TASK OBJECTIVE:
Your copy of the listing should match it exactly, only without pictures.
[Opening DATASET EXCERPT section]
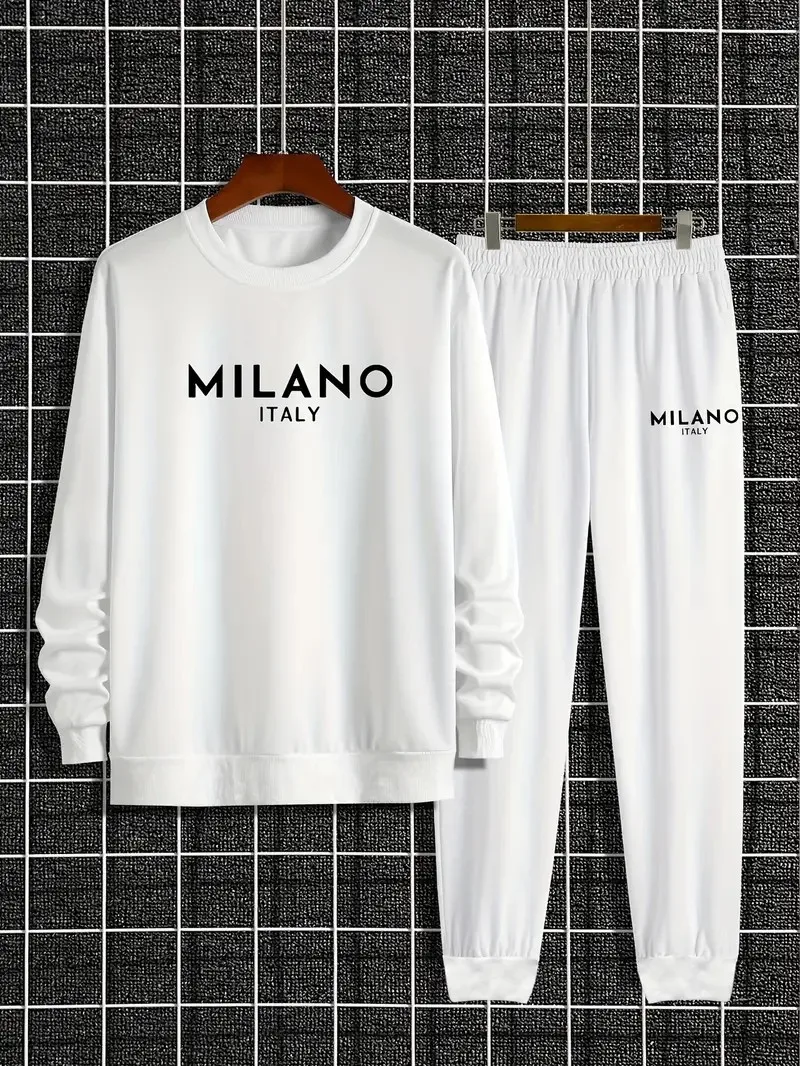 The new men's round-neck hoodie set for Spring and Autumn 2025 features a casual and comfortable 3D letter pattern print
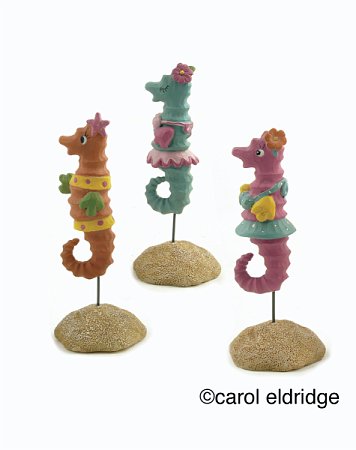 seahorses on stands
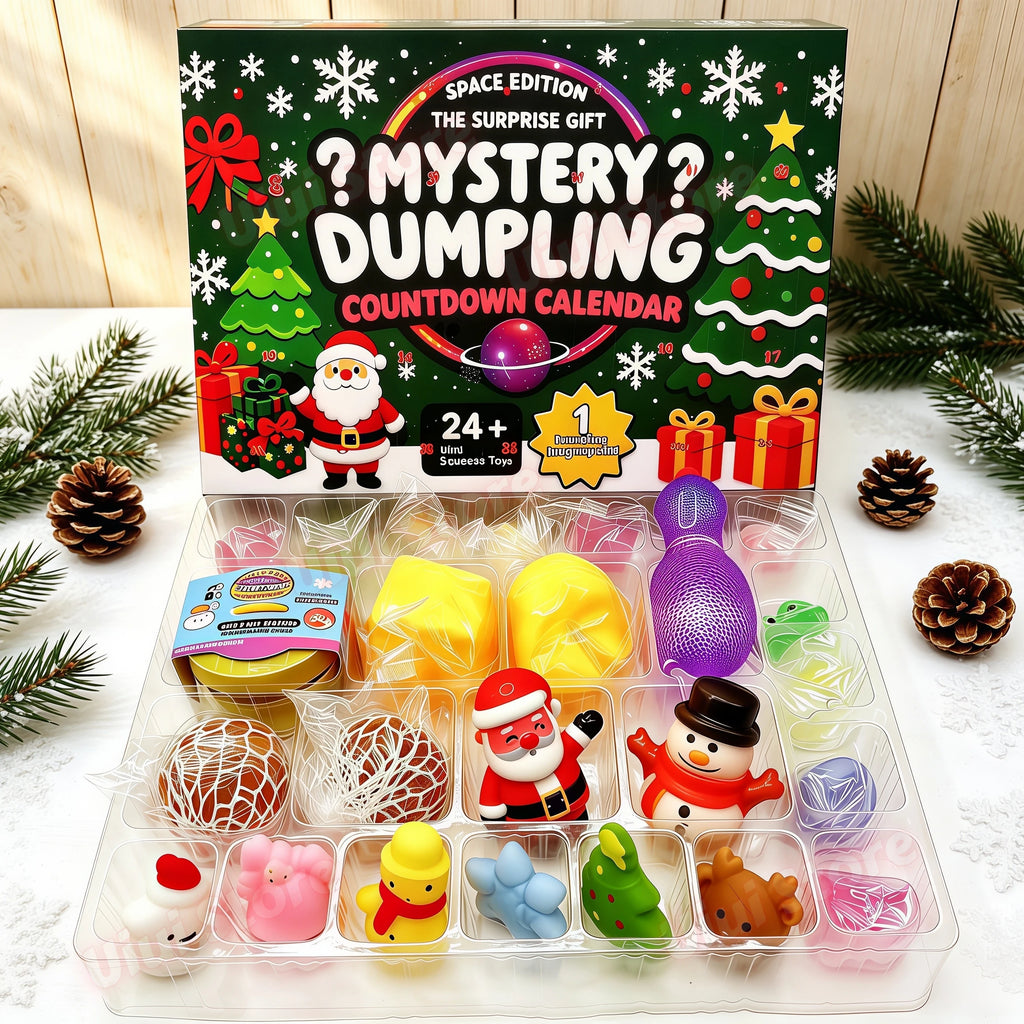 Christmas Squishy Advent Calendar 2026 24 Days Countdown Dumpling Squishy Stress Relief Fidget Home Decoration Surprise Gift Box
[Closing DATASET EXCERPT section]
SOLUTION:
 The new men's round-neck hoodie set for Spring and Autumn 2025 features a casual and comfortable 3D letter pattern print
 seahorses on stands
 Christmas Squishy Advent Calendar 2026 24 Days Countdown Dumpling Squishy Stress Relief Fidget Home Decoration Surprise Gift Box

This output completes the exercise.